We American baseball watchers take for granted the existence of the DH rule, and the fact that it only applies to half of major league teams (the AL).
But when you think about it, it’s AWFULLY weird to have a major national professional sports league where half the teams play by one set of rules and the other half play by a very clearly distinct set of rules.
Are there examples anywhere else in the world of sport where this is the case? (I wouldn’t be surprised if there are examples that are similar which involve moving from national to international competition… for instance, slightly different cricket or rugby rules in different parts of the world, and some compromise being reached for big international competitions, but that’s different from the AL/NL which are both clearly parts of MLB.)
The “NWA Rule”–any wrestler throwing his opponent over the top rope is automatically disqualified. Titles cannot change hands on a disqualification. Non-NWA affiliated promotions did not observe this rule unless it was convenient to do so for storyline reasons.

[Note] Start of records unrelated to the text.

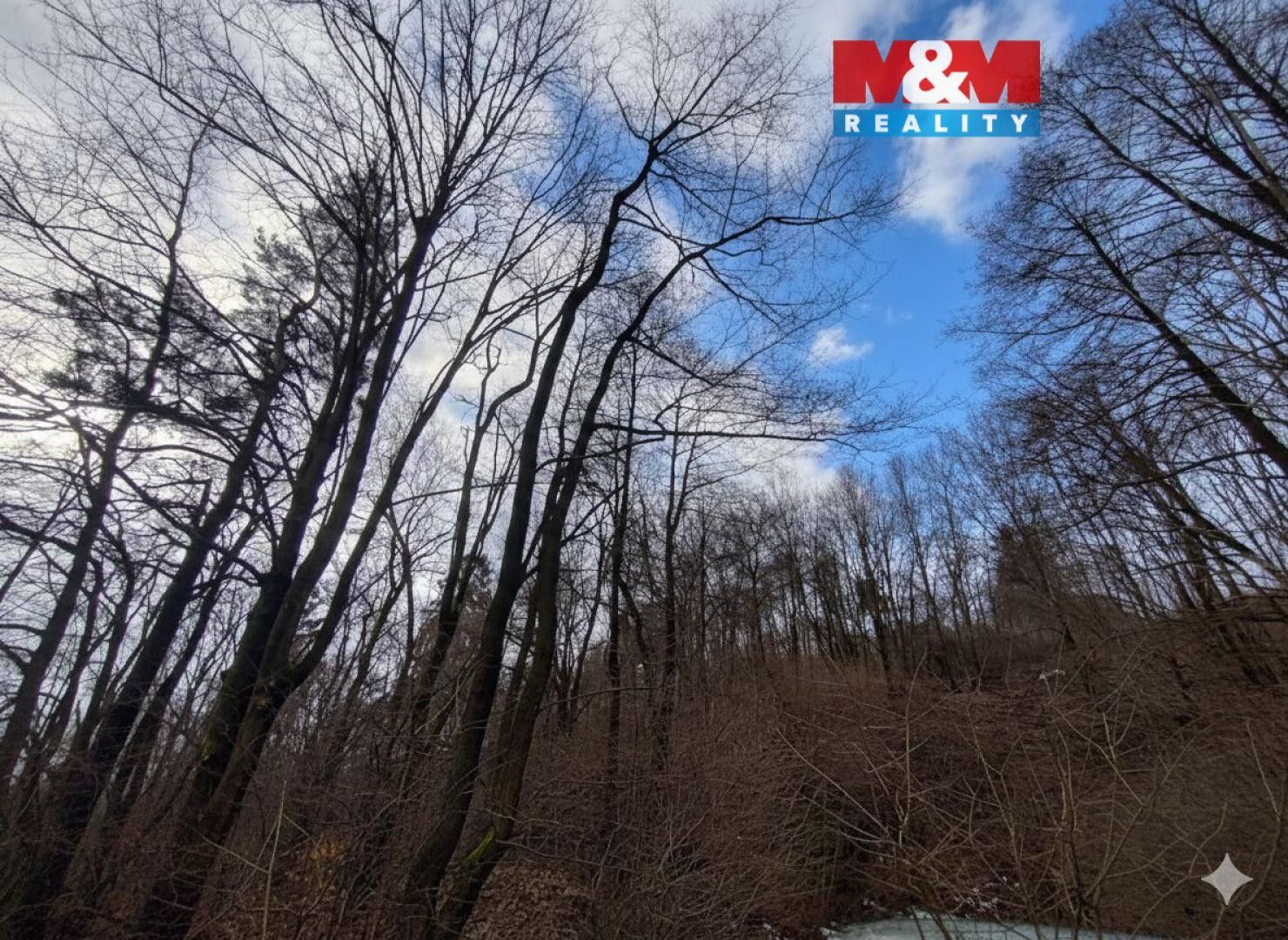 Lesy, Straník, Nový Jičín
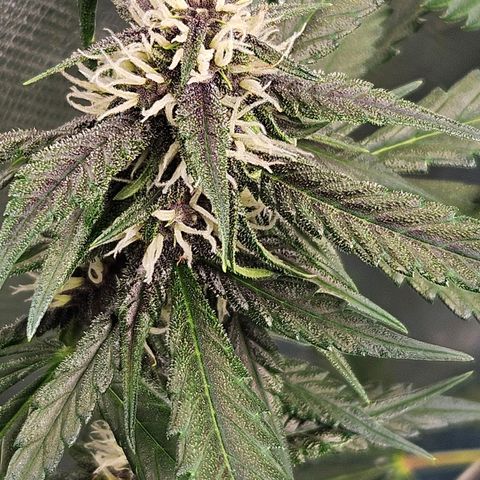 Purple Lemonade Autos growlog timeline photo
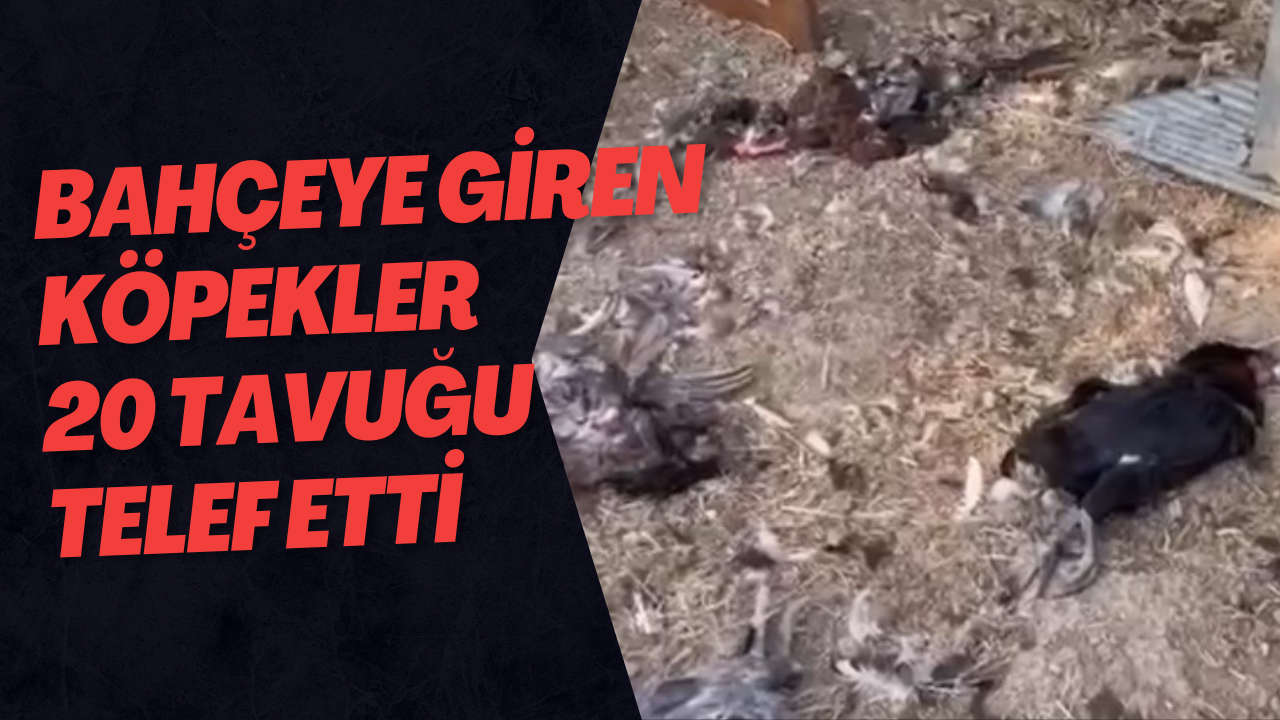 Bahçeye Giren Köpekler 20 Tavuğu Telef Etti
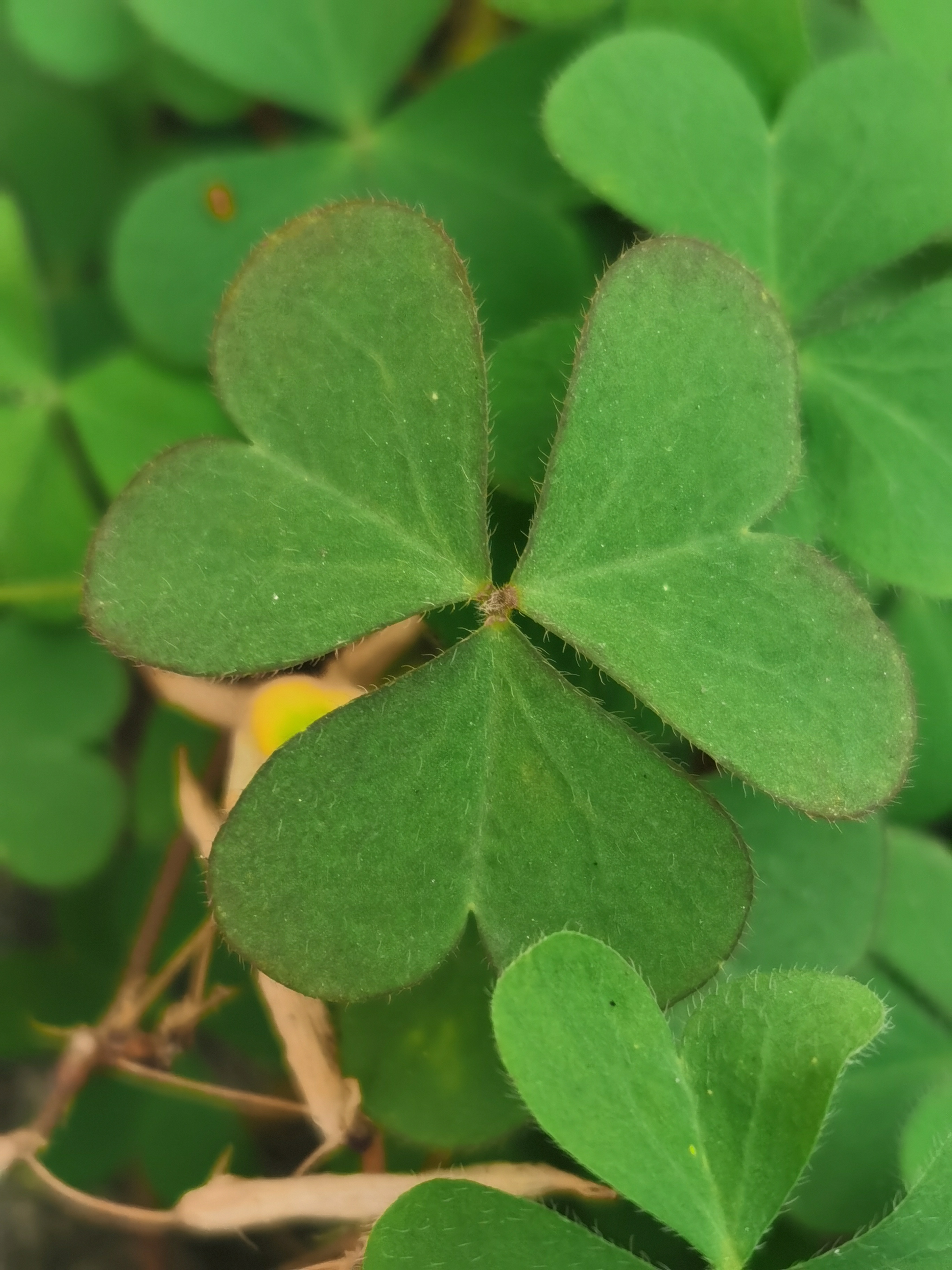 酢浆草,别名:黄花酢浆草,小本盐酸仔草,盐酸仔草,盐酸草,酸味草,三叶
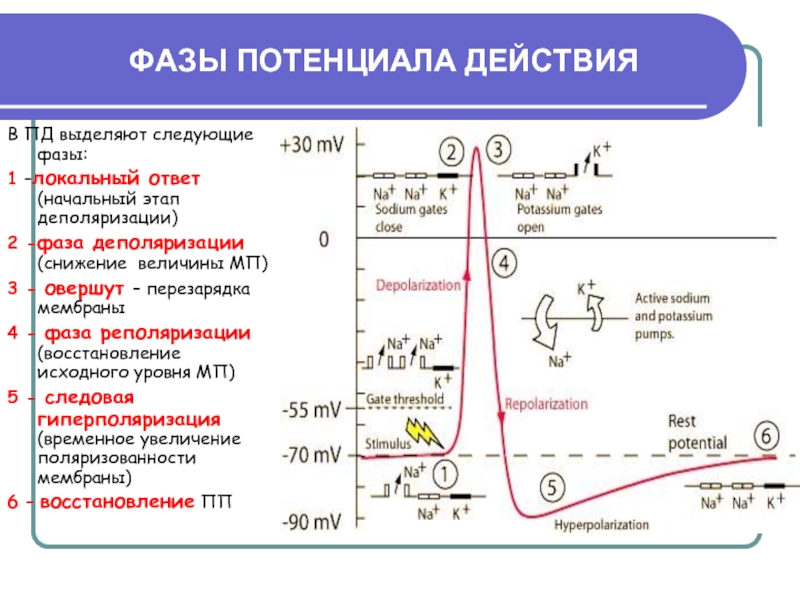 Потенциалом действия обладают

The “WCCW Rule”–titles could change hands on a disqualification.
The “Freebird Rule”–any two members of the Freebirds stable could defend the tag team titles in any given match. Sometimes extended to include other stables. Other promotions would either require a team with one member unable to compete to forfeit, or the one available member to defend in a handicap match, or allow a substitute partner.
In fact it is not. Whenever there have been two distinct major professional leagues, there have often been rule differences.

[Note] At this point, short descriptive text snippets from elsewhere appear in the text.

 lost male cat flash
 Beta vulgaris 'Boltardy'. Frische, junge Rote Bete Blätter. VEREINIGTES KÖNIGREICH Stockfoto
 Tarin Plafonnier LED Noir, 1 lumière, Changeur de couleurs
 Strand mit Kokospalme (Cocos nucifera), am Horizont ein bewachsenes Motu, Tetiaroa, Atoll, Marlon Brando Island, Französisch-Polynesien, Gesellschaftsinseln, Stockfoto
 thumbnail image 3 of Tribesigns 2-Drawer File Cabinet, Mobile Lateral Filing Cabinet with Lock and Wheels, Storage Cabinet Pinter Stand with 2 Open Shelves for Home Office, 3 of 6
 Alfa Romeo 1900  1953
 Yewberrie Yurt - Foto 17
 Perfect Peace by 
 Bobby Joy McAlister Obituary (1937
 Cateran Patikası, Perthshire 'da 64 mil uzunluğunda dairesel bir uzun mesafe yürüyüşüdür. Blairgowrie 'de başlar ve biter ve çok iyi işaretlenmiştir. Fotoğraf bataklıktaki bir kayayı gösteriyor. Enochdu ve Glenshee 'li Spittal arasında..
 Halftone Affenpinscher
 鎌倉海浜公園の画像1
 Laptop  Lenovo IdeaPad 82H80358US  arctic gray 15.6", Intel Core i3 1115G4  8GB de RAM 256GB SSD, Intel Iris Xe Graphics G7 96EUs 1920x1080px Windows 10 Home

For instance, the ABA had a three-point arc, where the NBA did not. The AFL had two point conversions; the NFL did not at the time. The WHA used shortened overtime periods to settle ties in the regular season; the NHL didn’t, at the time.
Where baseball’s different is not in having leagues with different rules, it’s in maintaining a stable structure of two leagues for as long as it did.

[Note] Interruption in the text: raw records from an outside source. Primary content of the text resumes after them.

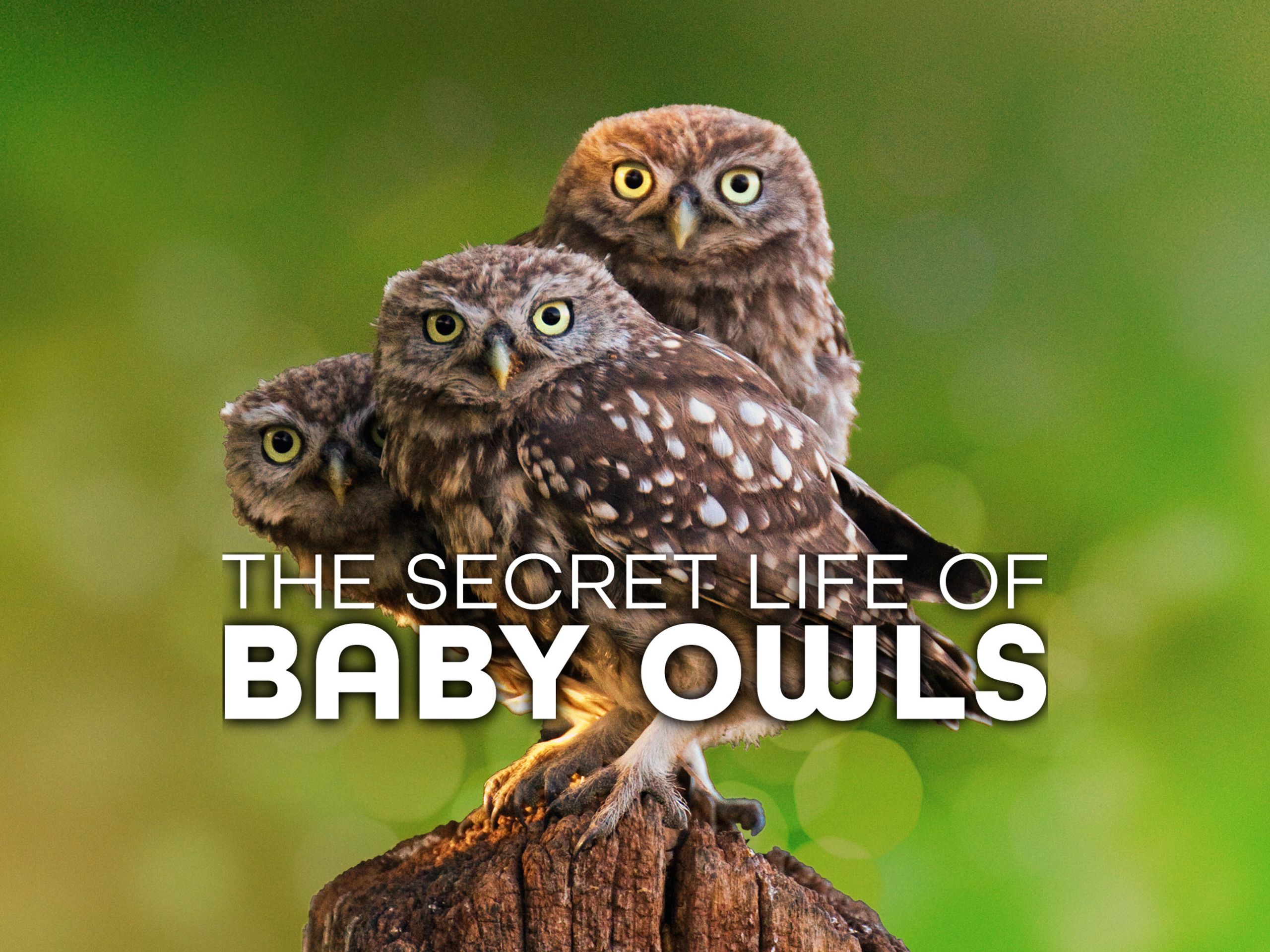 Prime Video The Secret Life Of Baby Owls Season 1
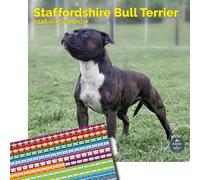 Baker and Bray Staffordshire Bull Terrier Calendar 2026, Large Square Wall Calendar With Organisational Stickers, 16 Month, Staffordshire Bull Terrier Gift Dog Calendar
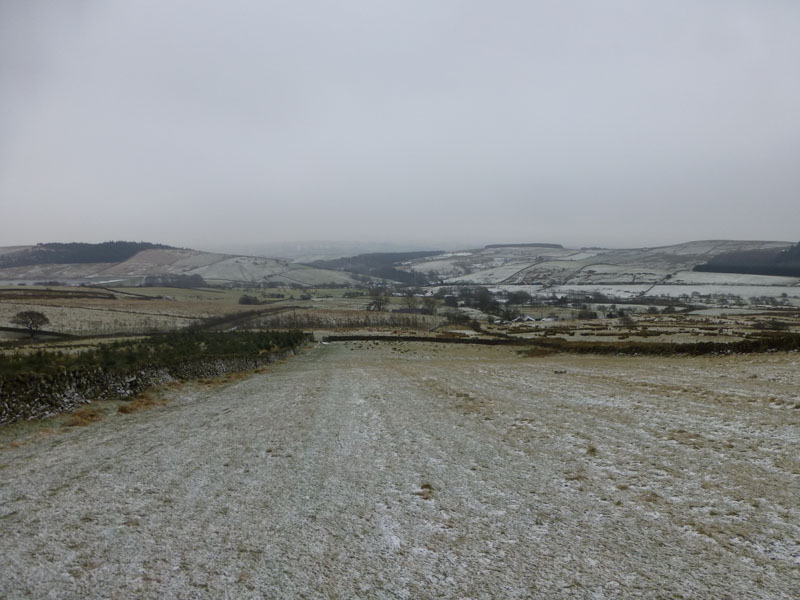 Across the fields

The closest analogue is the “designated striker” (libero) in volleyball, who always plays in the backcourt and specializes in handling serves (and thus is usually of short stature).
I guess the question is whether people think of big league ball as one league with two subdivisions, which for historical reason have somewhat more cultural distinction than, say, the western and eastern division of the NBA, (I certainly do); as opposed to thinking of it as two distinct top level leagues which have a tradition that the champions of the two leagues, who have already achieved the championship of their league, meet in a further “world series” to determine the champion-of-champions.
In NCAA football, there is the Hawaii rule, where teams that play Hawaii can schedule an extra game for that season. In fact, Temple is trying to add a game at Hawaii **during **the season in order to become bowl eligble for this year!
For most of baseball history it really was two leagues. They had separate Presidents and were separately incorporated. They shared resources and such but they were distinct organizations - which is why the AL has the DH and the NL does not. The owners of the American League voted to institute the DH. The owners of the National League didn’t.
Today that distinction is effectively gone; the two leagues legally merged in 1999. The “different leagues” distinction is now artificial, essentially a PR sop to baseball fans’ traditionalist streak.
There’s also ECW rules, which pretty much meant no rules. No count-outs or DQs. I don’t remember if pinfalls counted anywhere. WWF started copying this format for awhile, but went back to their classic rules.
Next year there will be interleague play all through the season. That’s because both AL and NL will have 15 teams so they need to do that to make sure teams can fit in 162 games.
On a related note, when the NHL went from 1 ref to 2 refs, they phased it in. For a few years , each team played some games with 1 and some with 2. The number with 1 vs. 2 were the same for every team. They made the change in the late 90s
You asked for Professional but hear a NCAA analogy.
Back in the early days of the 3 point basket in NCAA B-Ball, the individual conferences set the distance of 3 point arc. They later had a consensus on the distance.
The Big East Conference had at least one year with 6 personal fouls before a player fouled out of the game.